INSTRUCTIONS FOR THE TASK | Without any images, write the listing below out word for word.

RECORDED DATA: Begin

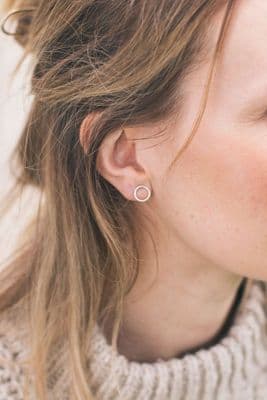 Clare Elizabeth Kilgour | Small Round Line Stud Earrings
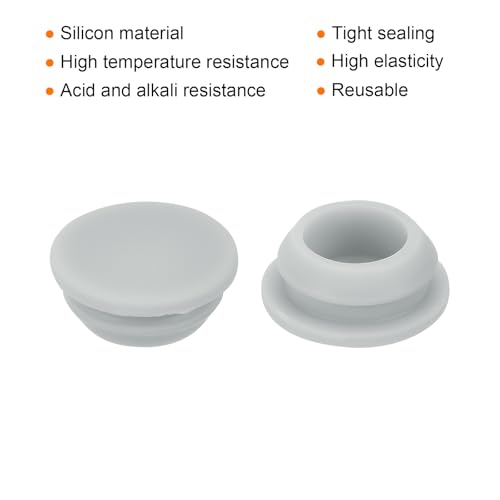 Image of MECCANIXITY 20pcs Silicone Snap in Locking Hole Plugs,12mm /0.5 Inch Mounting Diameter Narrow Groove Width 2mm Panel Seal Cover Round for Kitchen Bulkheads Waterproof Sealing Plugs Grey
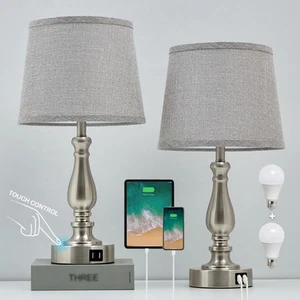 Table Lamps for Bedroom Set of 2,3 Way Dimmable Touch Bedside Lamps with Dual... - Picture 1 of 8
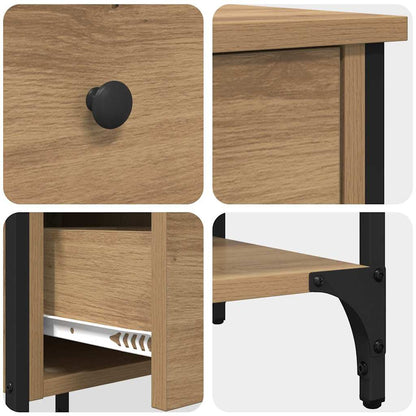 Armadio da Notte con cassetto 2 pcs Marrone 33.5 x 36 x 70 cm | homemem39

RECORDED DATA: End

TASK RESPONSE |
 Clare Elizabeth Kilgour | Small Round Line Stud Earrings
 Image of MECCANIXITY 20pcs Silicone Snap in Locking Hole Plugs,12mm /0.5 Inch Mounting Diameter Narrow Groove Width 2mm Panel Seal Cover Round for Kitchen Bulkheads Waterproof Sealing Plugs Grey
 Table Lamps for Bedroom Set of 2,3 Way Dimmable Touch Bedside Lamps with Dual... - Picture 1 of 8
 Armadio da Notte con cassetto 2 pcs Marrone 33.5 x 36 x 70 cm | homemem39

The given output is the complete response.